◆ **Data shown**
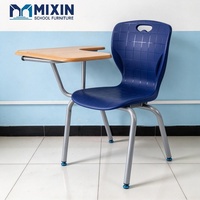 Chaises de formation personnalisées, design ergonomique, coque en plastique bleue, mobilier scolaire, chaise d'étudiant avec tablette d'écriture, utilisation en classe et en salle d'étude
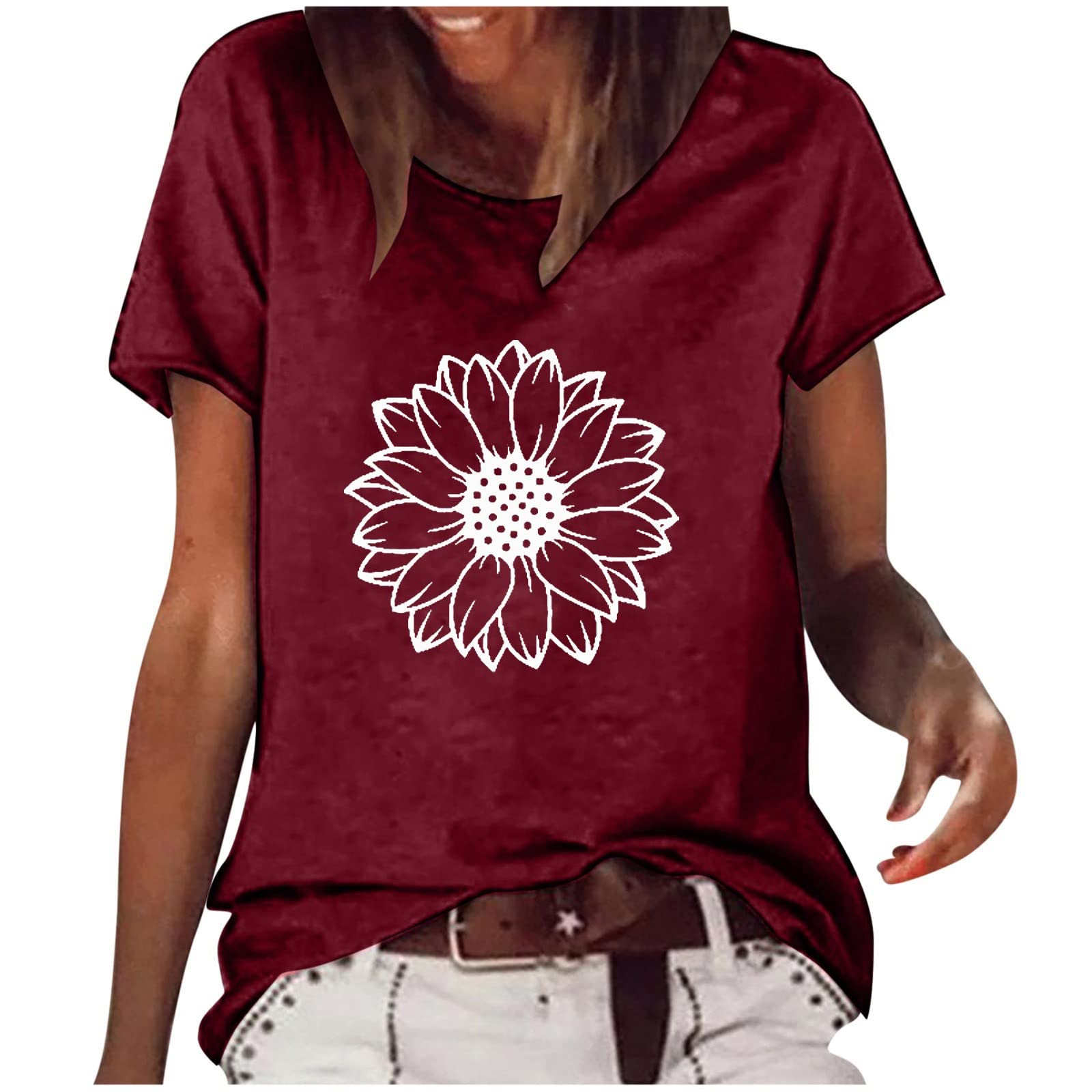Sexy Women's Crop Tops - Floral Print Daisy Short Sleeve Blouse for Summer | Casual Round Neck T-Shirt | Perfect for Beach Outings, Music Festivals & Date Nights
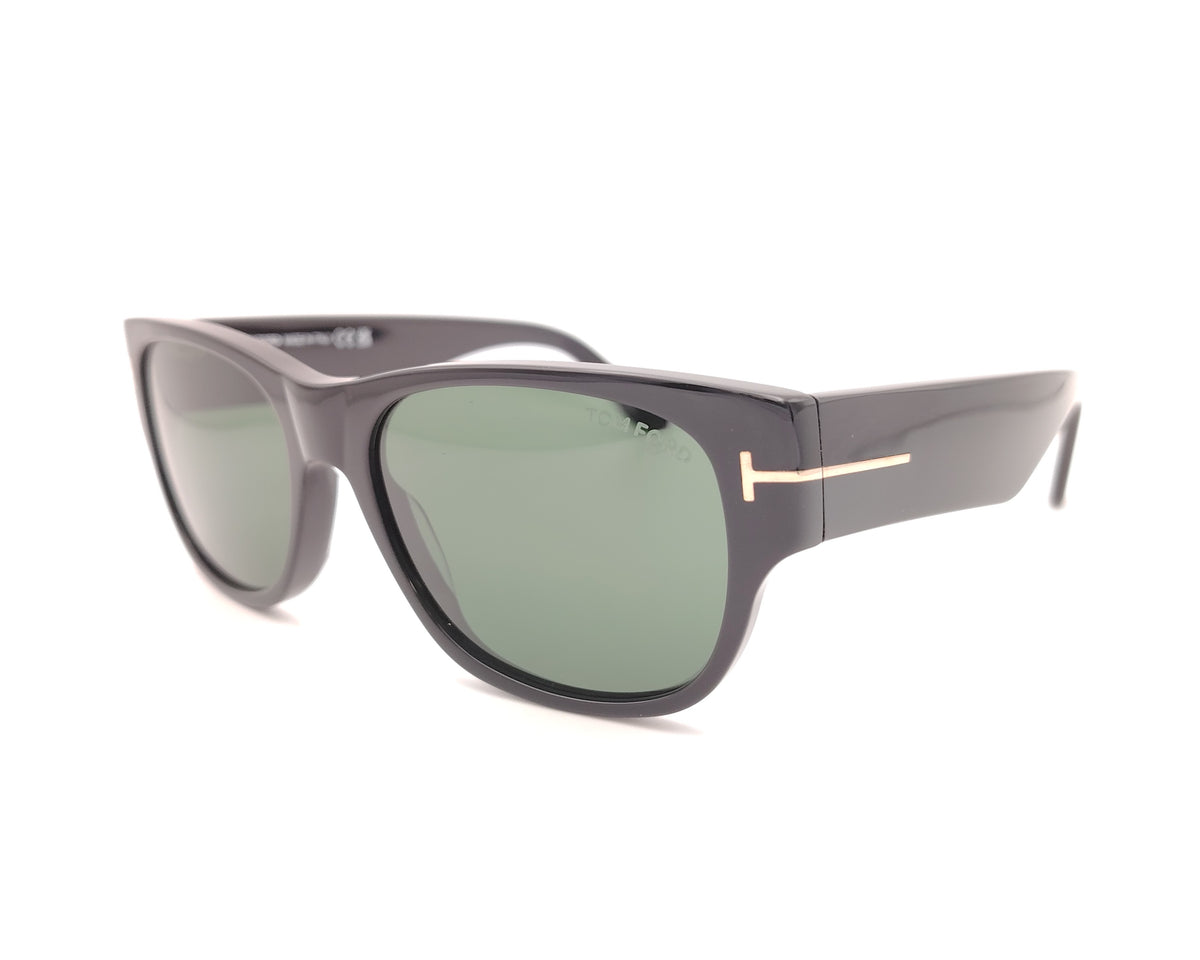 gafas de sol tom ford tf1405 01n de acetato negro brillante con lentes verdes y varillas anchas con detalle metálico dorado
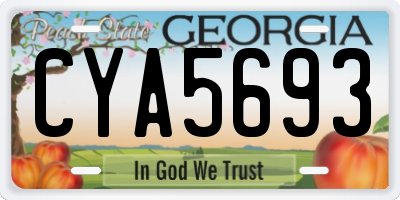 GA license plate CYA5693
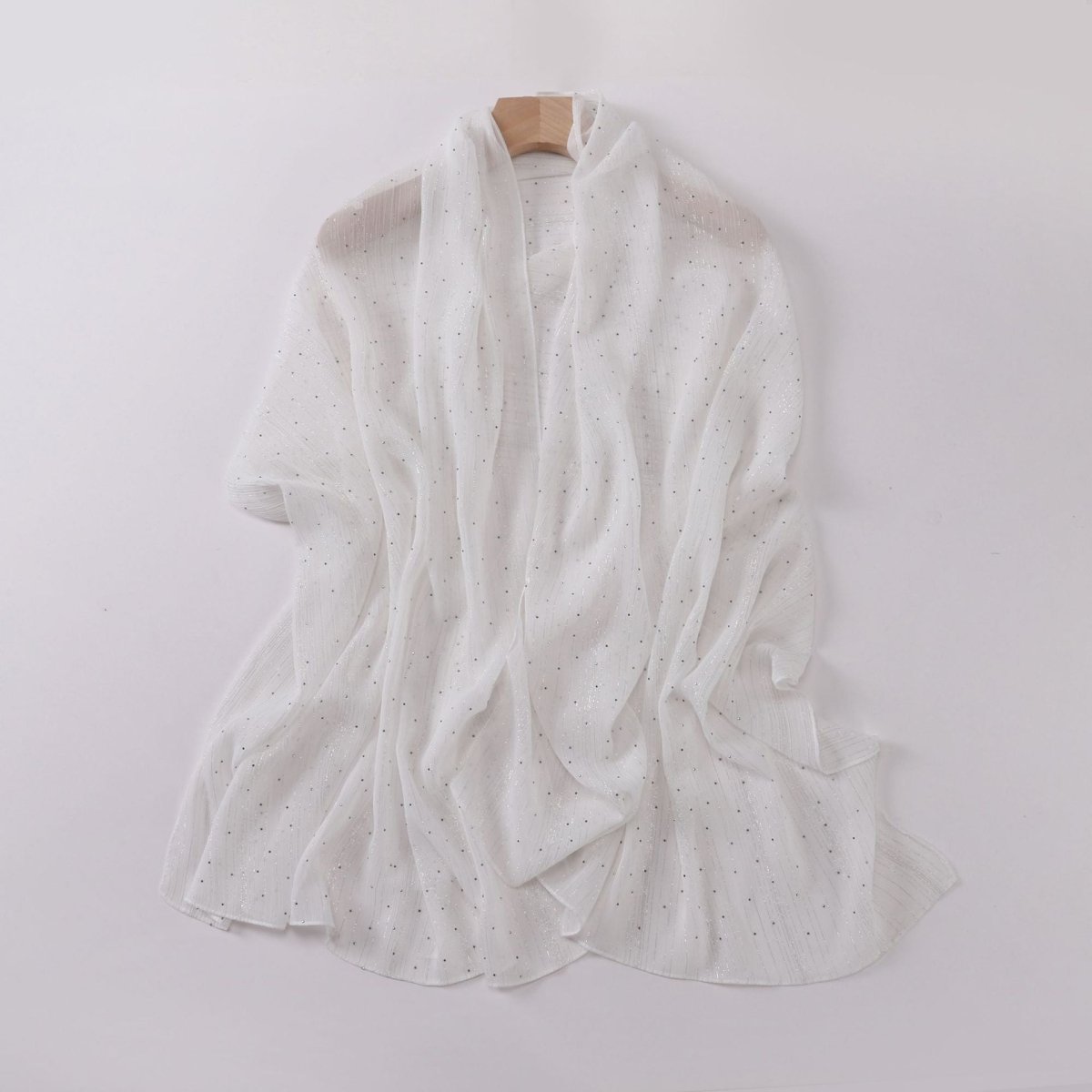 Modest Elegance Silver Crinkle Drape Hijab with Rhinestones (MH155) - Mariam's Collection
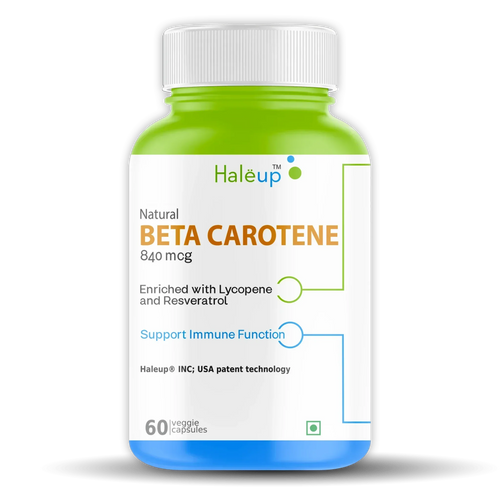 Beta Carotene 840mg with Lycopene & Resveratrol | Immune Support & Antioxidant Boost | 60 Veggie Capsules | Natural Supplement - Haleup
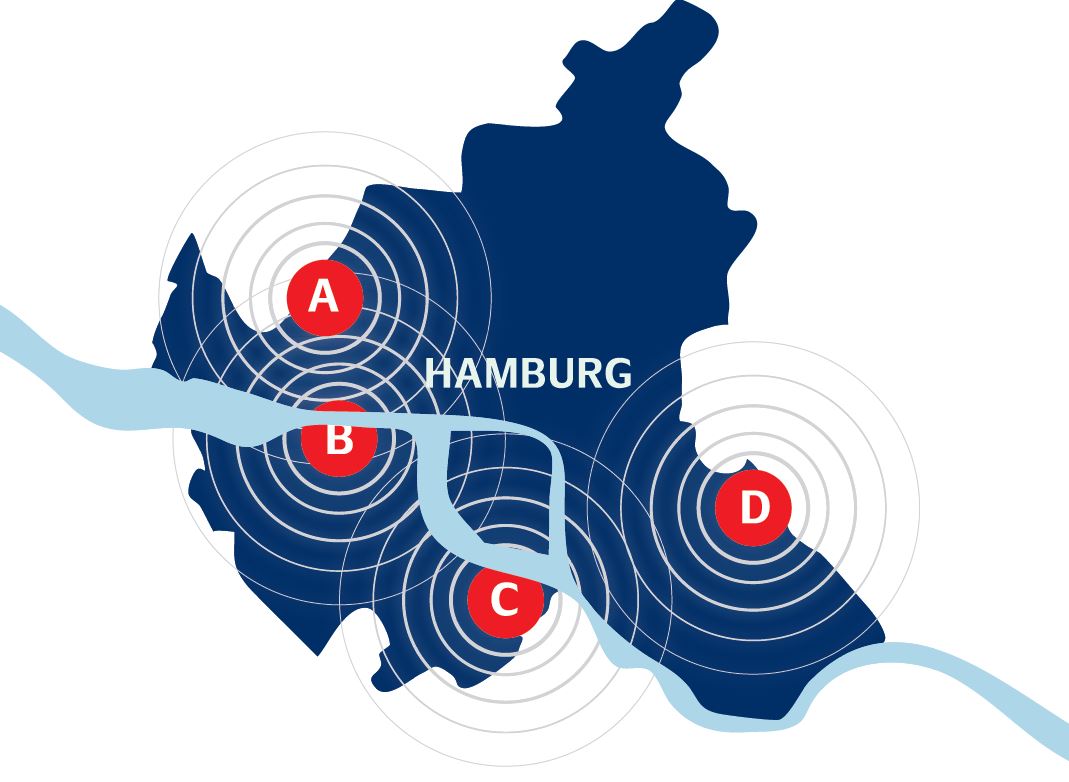  Locations of the Hamburg Innovation Parks: A = Altona, B = Finkenwerder, C = Harburg, D = Bergedorf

◆ **Problem statement**
Every entry, word for word: repeat it, but skip the images.

◆ **Result for this task**
 Chaises de formation personnalisées, design ergonomique, coque en plastique bleue, mobilier scolaire, chaise d'étudiant avec tablette d'écriture, utilisation en classe et en salle d'étude
Sexy Women's Crop Tops - Floral Print Daisy Short Sleeve Blouse for Summer | Casual Round Neck T-Shirt | Perfect for Beach Outings, Music Festivals & Date Nights
 gafas de sol tom ford tf1405 01n de acetato negro brillante con lentes verdes y varillas anchas con detalle metálico dorado
 GA license plate CYA5693
 Modest Elegance Silver Crinkle Drape Hijab with Rhinestones (MH155) - Mariam's Collection
 Beta Carotene 840mg with Lycopene & Resveratrol | Immune Support & Antioxidant Boost | 60 Veggie Capsules | Natural Supplement - Haleup
  Locations of the Hamburg Innovation Parks: A = Altona, B = Finkenwerder, C = Harburg, D = Bergedorf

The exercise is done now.